Jein. Schriftsteller aus der Stadt treten bei den Literaturtagen nicht auf, trotzdem ist die Stadt literarisch präsent. So stellt die eigens verpflichtete Stadtschreiberin Rike Scheffler am 19. Oktober ihr in und für Ludwigsburg geschaffenes Werk vor. Die selbst ernannten Stadtschreiberinnen um Regina Boger lesen aus Geschichten, die „Ludwigsbürger“ auf der gleichnamigen Homepage verfasst haben. Außerdem lesen, speziell am Baden-Württemberg-Tag regionale Autoren wie Thommie Bayer und Kai Wieland. Der Schriftsteller und Lyriker Ulf Stolterfoht, der hilft, die Lange Nacht der Poesie kurzweilig zu machen, lebt zwar in Berlin, stammt aber aus Stuttgart.

Braucht man Eintrittskarten?

Die meisten Veranstaltungen sind frei zugänglich. Lediglich die Langen Nächte und die Lesung mit Vincenzo Todisco kosten Eintritt. Karten zwischen acht und zehn Euro gibt es bei allen Easy-Ticket-Vorverkaufsstellen und an der Abendkasse.

Was haben die Literaturtage mit dem Ludwigsburger Stadtjubiläum zu tun?

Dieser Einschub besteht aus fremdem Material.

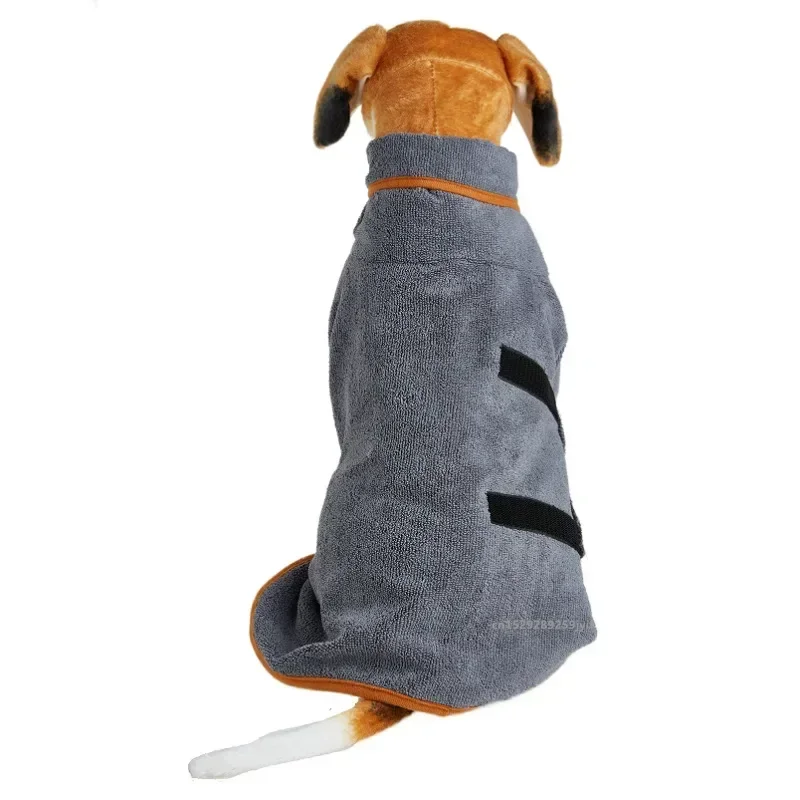 Pet Bathrobe Fast Drying Towel Microfiber Absorbent Soft Bath Robe Adjustable Towel Grooming Coat For Small Medium Large Dog pet towel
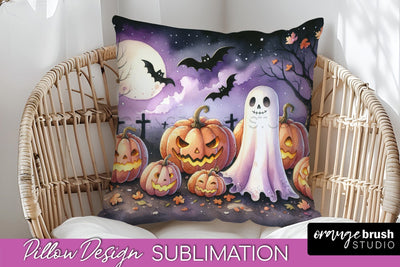 Cute Ghost Pillow Sublimation - Halloween Pillow Cover Sublimation OrangeBrushStudio 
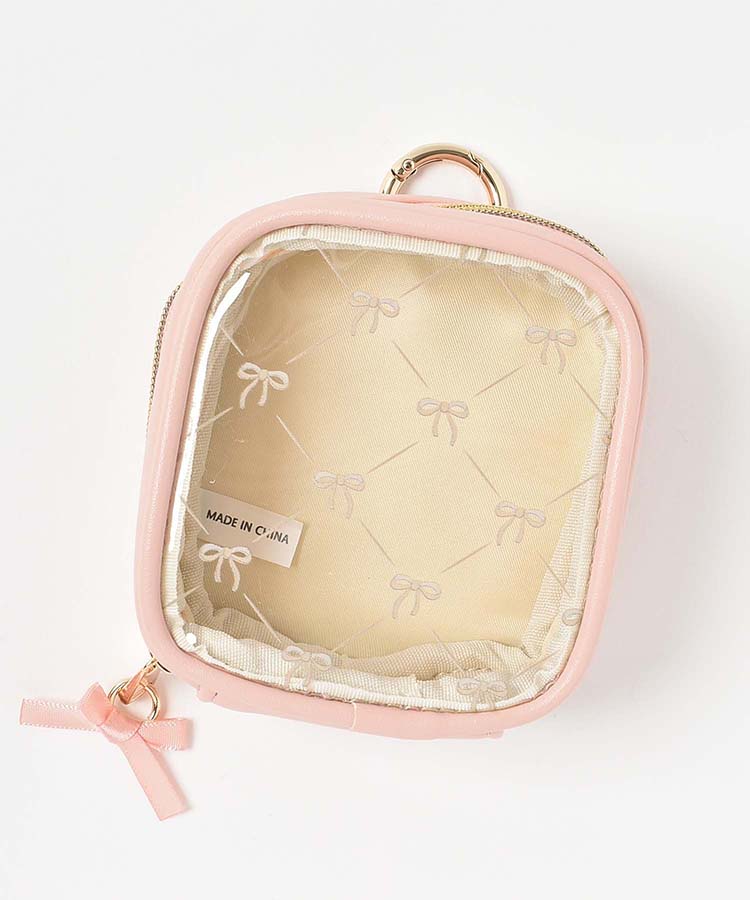 ≪SALE≫リボンカラビナクリアミニポーチ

Das Stadtjubiläum (Motto: Stadt werden) widmet sich mit all seinen Veranstaltungen der Frage, was eine städtische Gesellschaft ausmacht. Die Autoren für das Festival sind deshalb danach ausgewählt worden, wie sie sich mit diesen Themen befassen. Nicht nur, dass sich das Publikum auf imaginäre Reisen begibt, die Texte der Autoren suchen auch Antworten auf die Fragen, wie Menschen miteinander leben, wie sie miteinander umgehen, welche Werte ihnen wichtig sind. „Literatur ist dafür eine super Plattform“, sagt Wiebke Richert, die Leiterin des Fachbereichs Kunst und Kultur bei der Stadt Ludwigsburg.

Was bedeutet die Ausrichtung der Literaturtage für Ludwigsburg?

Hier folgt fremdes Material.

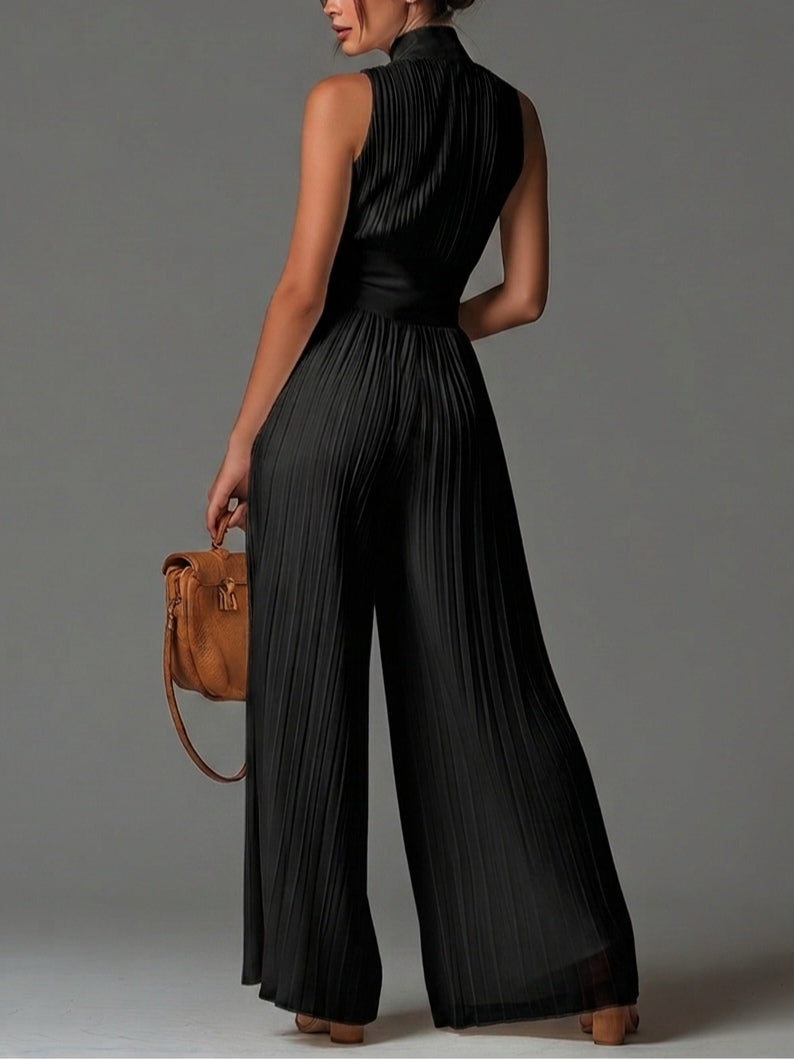 Women's Midnight Plissé Palazzo Jumpsuit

Seit 2007 feiert die Stadt jedes Jahr ein Literaturfest – auch dort treten renommierte Autoren auf. Die Literaturtage nun haben allerdings eine ganz andere Dimension. „Die Ausrichtung ist eine riesengroße Ehre“, sagt Wiebke Richert. Und abgesehen davon, dass in Ludwigsburg bis Ende Oktober viele Besucher im besten Sinne unterhalten werden, kann die Stadt, die zwischen Stuttgart (Literaturhaus) und Marbach (Literaturarchiv) liegt, literarisch auch mal richtig strahlen.

Wann genau geht es los?

Eröffnet werden die Literaturtage mit der Langen Nacht der Stadt am Samstag, 13. Oktober, um 19.30 Uhr im Scala. Dort lesen neben Anna Katharina Hahn und Ulla Lenze auch Ales Steger und Jean-Philippe Toussaint. Die Lesungen sind, wie bei allen Langen Nächten, in zwei Blöcke und eine Pause unterteilt – und die Besucher können sich zwanglos mit den Autoren unterhalten.